Task to complete » Only the lines from the one bearing "America 250 We" through the end of the listing belong in your response, restated word for word and without pictures.
+ + + +
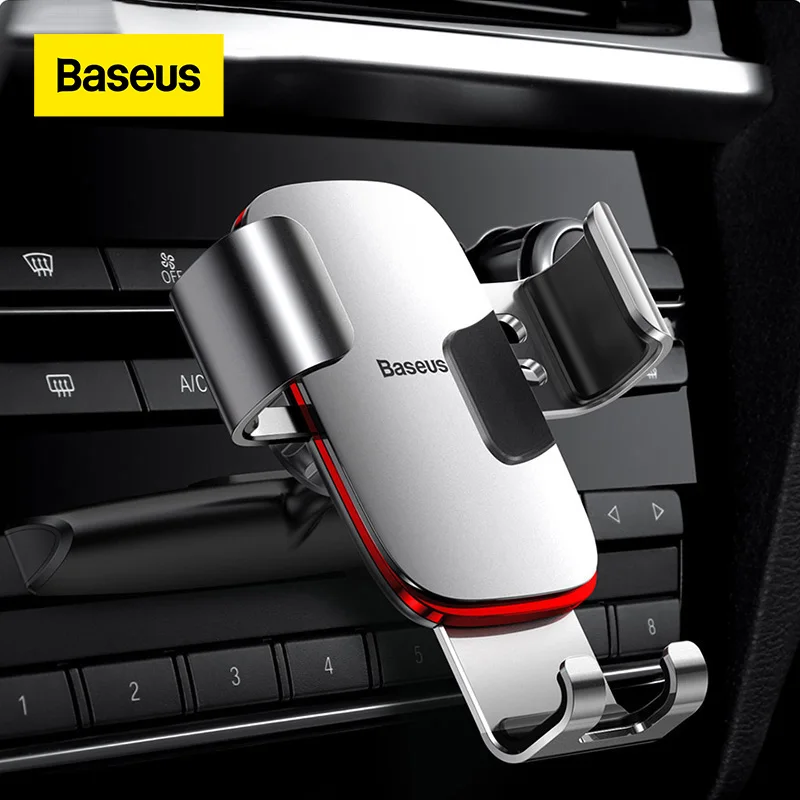 Baseus حامل هاتف ذكي للسيارة, لهواتف سامسونج آيفون ، مع مخرج للهواء وأقراص التشغيل|Phone Holders & Stands| – AliExpress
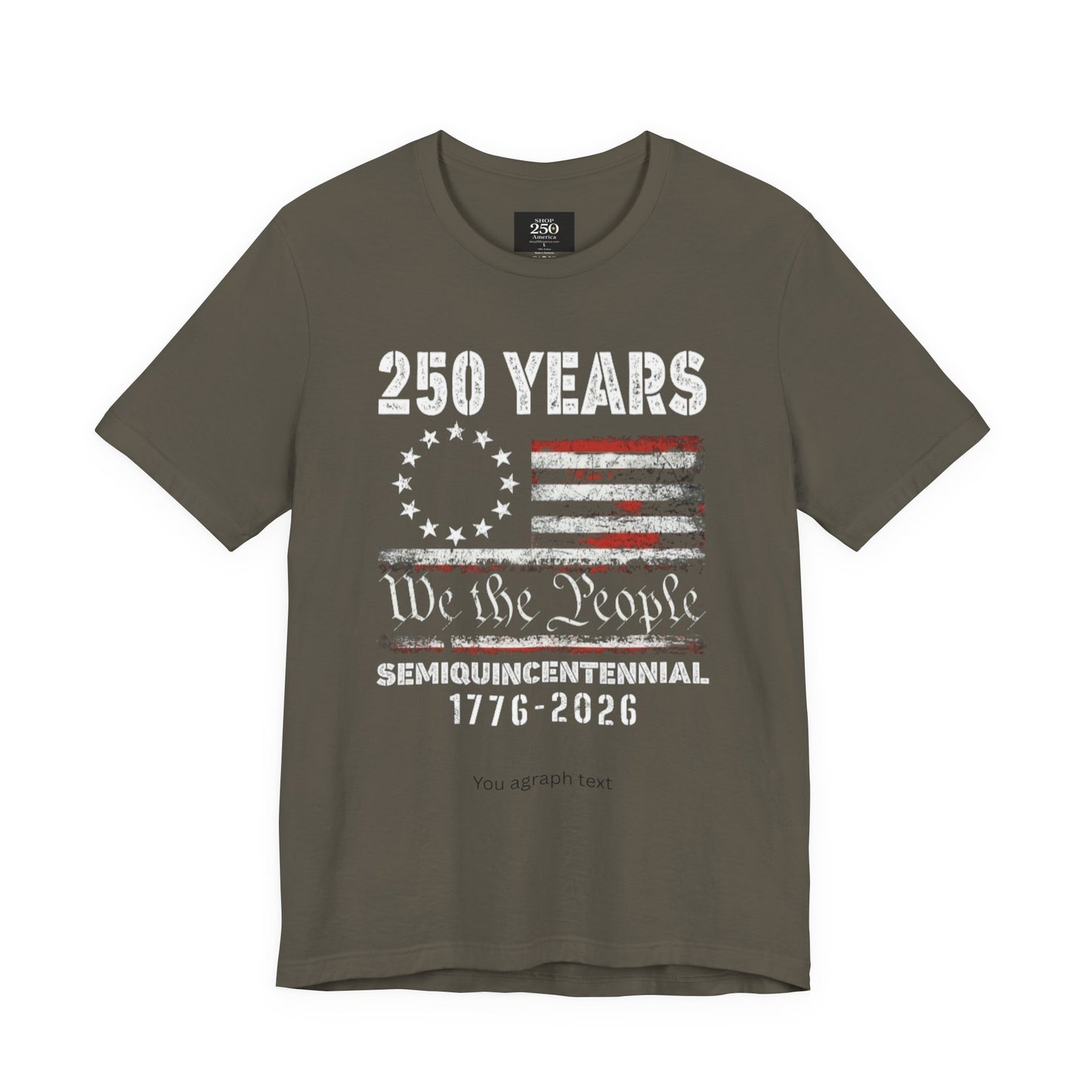 America 250 We the People Unisex Short Sleeve Tee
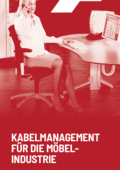 Flyer Kabelmanagement für die Möbelindustrie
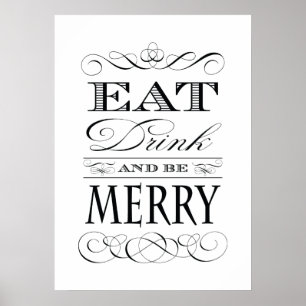 Poster vintage Elegante: Cozinha, Bar ou Restauran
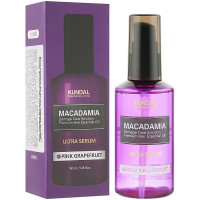 Сироватка для блиску та відновлення волосся рожевий грейпфрут Kundal Macadamia Ultra Hair Serum Pink Grapefruit 100 мл (8809568740807)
+ + + +
Task solution »
 America 250 We the People Unisex Short Sleeve Tee
 Flyer Kabelmanagement für die Möbelindustrie
 Poster vintage Elegante: Cozinha, Bar ou Restauran
 Сироватка для блиску та відновлення волосся рожевий грейпфрут Kundal Macadamia Ultra Hair Serum Pink Grapefruit 100 мл (8809568740807)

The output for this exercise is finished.